En marzo, será una puesta asincrónica. Con un máximo de cinco huevos por hembra, pueden pasar varios días entre que pone uno y otro. Macho y hembra compartirán la incubación y cuidados. Pero no todos los cigoñinos sobrevivirán. «Las crías comen un kilo de carne al día desde los tres meses, por lo que hay un gran estrés en el nido y el más proclive a morir es el último en nacer, al que no le han incubado bien», describe Camino.

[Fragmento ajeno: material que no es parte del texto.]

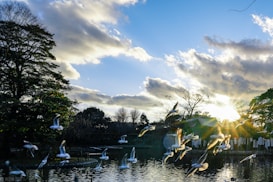 A serene lake scene features a flock of birds flying over calm waters. The sun is setting or rising, casting a warm glow through scattered clouds. Lush greenery frames the scene, creating a tranquil and picturesque landscape.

Las crías recibirán 56 días de cuidado en el nido, crecerán rápido y ganarán tal envergadura que sólo se diferenciarán de sus padres por el pico. El de la cría es negro, frente al naranja de las adultas. Desde ahí, comenzarán a aprender a volar a finales de junio. A alimentarse para en breve iniciar su viaje. Los fallos de vuelo les llevarán a aterrizar en las calles alfareñas, convirtiendo en habitual la estampa de una cigüeña paseando. En ese momento, quien la encuentre ha de llamar al 112 para que la ayuden. Volverá a intentarlo. Aprenderá a volar y escudriñará en el horizonte el viaje a África.